DATA PROVIDED
═══
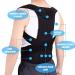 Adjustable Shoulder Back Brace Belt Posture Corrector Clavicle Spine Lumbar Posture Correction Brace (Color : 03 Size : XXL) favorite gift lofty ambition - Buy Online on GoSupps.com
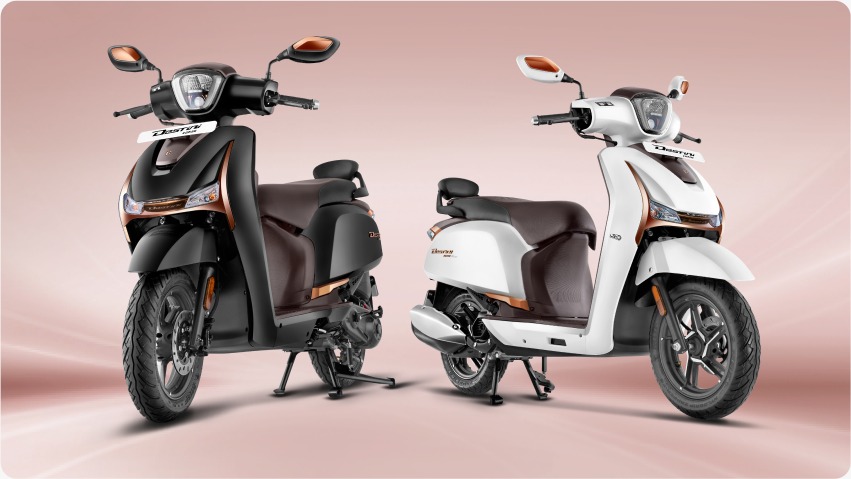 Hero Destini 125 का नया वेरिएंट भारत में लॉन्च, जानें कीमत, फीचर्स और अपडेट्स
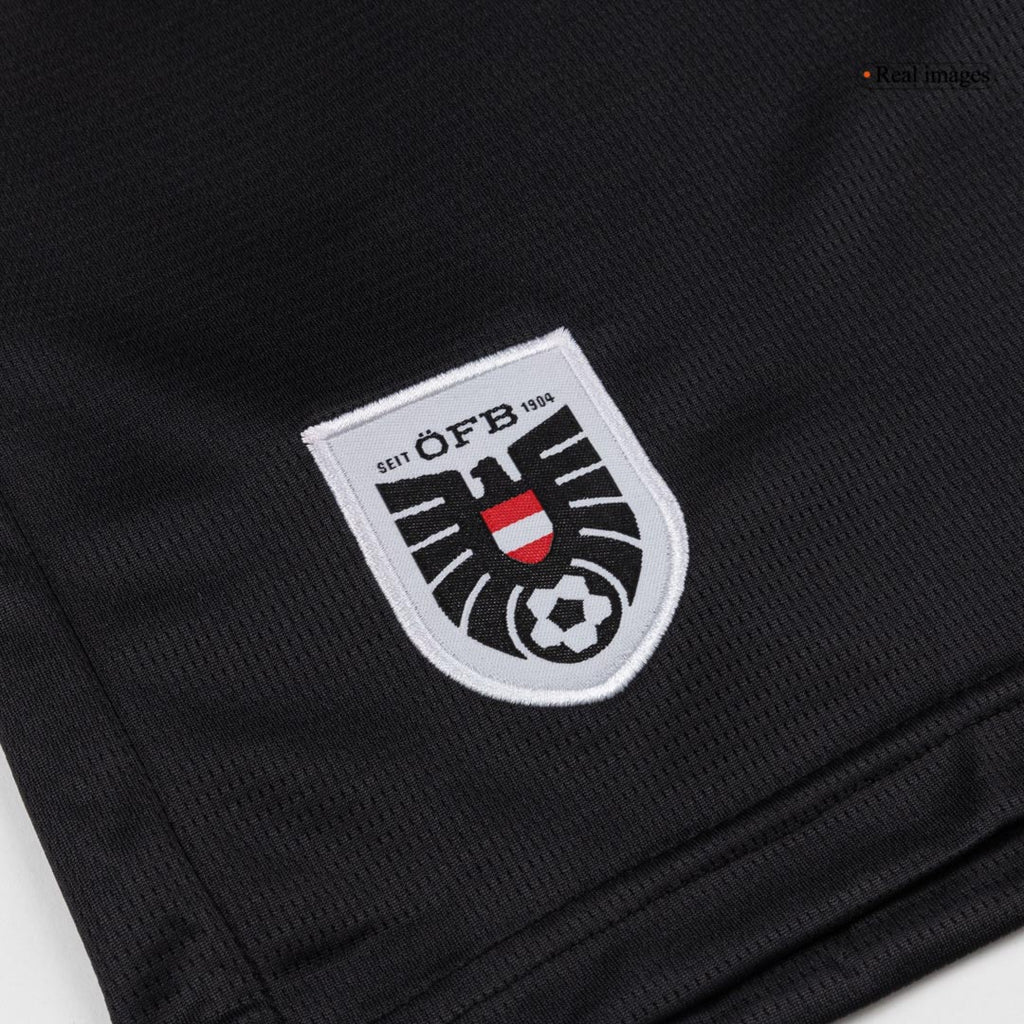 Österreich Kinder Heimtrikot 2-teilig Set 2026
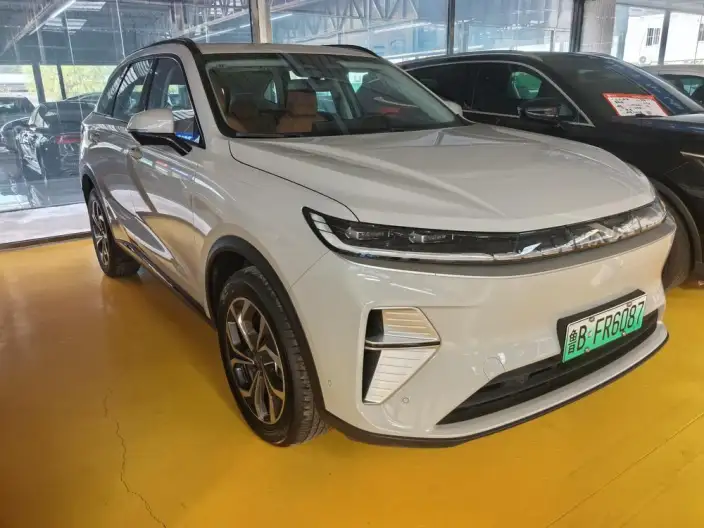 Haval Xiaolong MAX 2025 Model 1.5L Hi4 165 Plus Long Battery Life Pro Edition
═══
Repeat each line above exactly as it reads, omitting any pictures.

 Adjustable Shoulder Back Brace Belt Posture Corrector Clavicle Spine Lumbar Posture Correction Brace (Color : 03 Size : XXL) favorite gift lofty ambition - Buy Online on GoSupps.com
 Hero Destini 125 का नया वेरिएंट भारत में लॉन्च, जानें कीमत, फीचर्स और अपडेट्स
 Österreich Kinder Heimtrikot 2-teilig Set 2026
 Haval Xiaolong MAX 2025 Model 1.5L Hi4 165 Plus Long Battery Life Pro Edition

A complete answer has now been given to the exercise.